Un risvolto di grande attualità della rilettura anti-apologetica dell’occidentalizzazione globalista è la messa a tema del declino dell’antica roccaforte europea. Secondo Cardini, è solo nella cornice della più recente contemporaneità che l’emergere del liberismo di marca occidentale del XX-XXI secolo in quanto forma di pensiero egemone, strutturalmente bisognoso di contrapporsi al Nemico esterno per rafforzarsi al suo interno e, d’altra parte, radicalmente diverso nella prassi reale dalla nobile reputazione rivendicata a livello ideale, ha prodotto l’effetto di comprimere in una sostanziale insignificanza il ruolo dell’Europa come perno degli equilibri internazionali e soggetto promotore dell’elaborazione della cultura che orienta la vita dei popoli.

Una simile marginalizzazione, resa evidente dall’esplosione dei più cruenti fronti di crisi degli ultimi anni, è un fenomeno che viene in altre parole accostato alle ultime evoluzioni dei rapporti tra i diversi ambiti di organizzazione politico-statuale formatisi in quel crogiolo intercontinentale, dilatato sulle due sponde gemelle dell’Atlantico settentrionale, in cui riconosciamo il volto più tipico e originario dell’Occidente per antonomasia dei nostri tempi.

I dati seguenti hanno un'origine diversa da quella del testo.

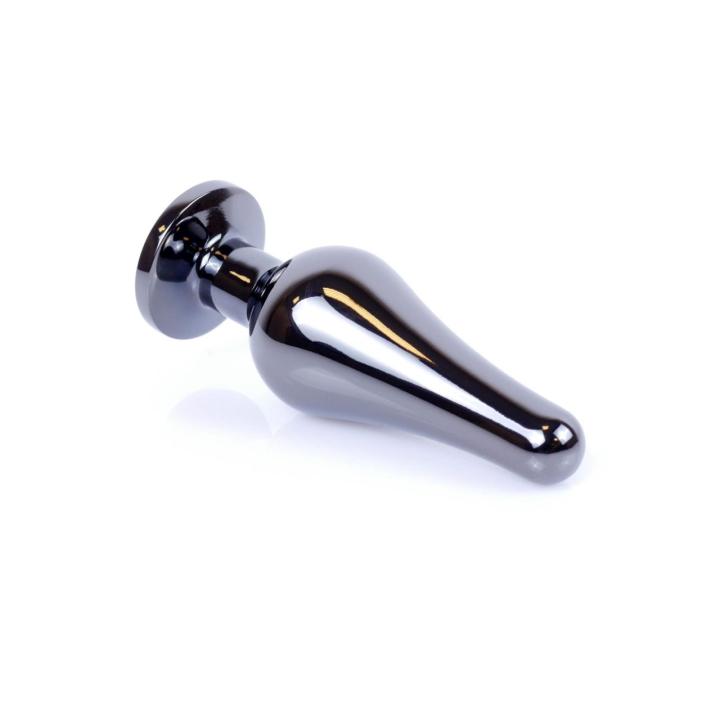 Metalowy korek analny z kryształem 9,5 cm – stal nierdzewna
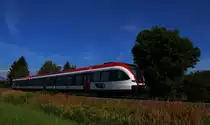 Ein GTW 2/8 kurz vor Frauental Bad Gams am gestrigen 4.08.2016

La perdita della capacità di incidenza dell’Europa sul piano dei destini complessivi del mondo, nell’interpretazione senza mezzi termini di Cardini è da vedere collegata, in primo luogo, al collasso del sistema di controllo diarchico dell’ordine internazionale introdotto dopo la fine della lunga guerra civile interna al contesto europeo sfociata nelle due guerre mondiali e nella lotta contro i totalitarismi del Novecento. L’implosione del blocco sovietico-comunista ha lasciato libero il campo per l’enuclearsi di un nuovo assetto egemonico a trazione imperiale americana (appunto: occidentale, nel senso acquisito al culmine della modernità), condiviso con una corona di Paesi complementari e, di fatto, in larga parte satelliti, all’interno del cui variegato mosaico l’Europa tradizionale rischia sempre più di ridursi, come l’hanno dipinta i più severi detrattori, a una povera retrovia “retta da antiquati tirannelli”.

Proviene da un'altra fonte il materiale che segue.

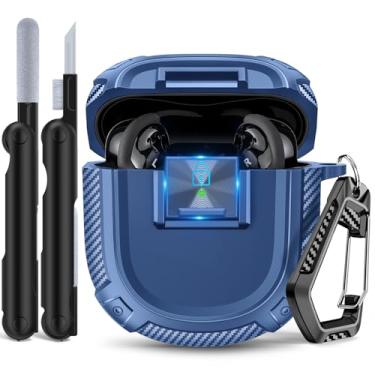 Imagem de Capa Sucure Lock para Bose Quietcomfort Ultra (2023) / Bose QC II (2022) Capa com clipe de trava e kit de limpeza, capa rígida resistente a impactos para fones de ouvido com homens e mulheres (azul)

Il polo egemonico occidentale ha inseguito nel Novecento la strategia di espandersi anche sul fronte dell’altro spazio oceanico compreso tra le Americhe e il vasto arcipelago asiatico, creando una sorta di “anglosfera” proiettata in direzione di un progressivo accerchiamento delle potenze terrestri dominatrici delle aree a cui l’Occidente ha guardato come suo terreno di fisiologica e in tutto legittima espansione: è la missione a cui lo hanno chiamato le sue frange più bellicosamente militanti. Ma i fulcri più robusti di un fronte extraoccidentale che va dal mondo arabo-islamico al subcontinente indiano, dalla potenza cinese con il suo dilagante capitalismo di Stato al nuovo nazionalismo militarizzato della Russia post-sovietica hanno intralciato con rigurgiti anche di violenza distruttiva il progetto suprematista di un Occidente sempre meno eurocentrico e sempre più americanizzato. Mostrando il suo volto più brutale, la storia si è rimessa in moto, commenta lapidario Cardini, o forse si può dire che riprende a “spezzarsi”. Il ritorno di Marte che insanguina ormai anche le terre più prossime al Mediterraneo è lo scenario di un multipolarismo conflittuale, caotico e senza apparenti vie di uscita che vadano al di là della pretesa di una schiacciante vittoria di una delle parti in conflitto contro le altre.

Ma il caos è quanto mai arduo da governare. E nel cumulo di sofferenze delle sue vittime si consuma la tragedia attuale di ogni pretesa di dominio che annulla la pluralità e si sottrae alla negoziazione della difficile convivenza tra i diversi.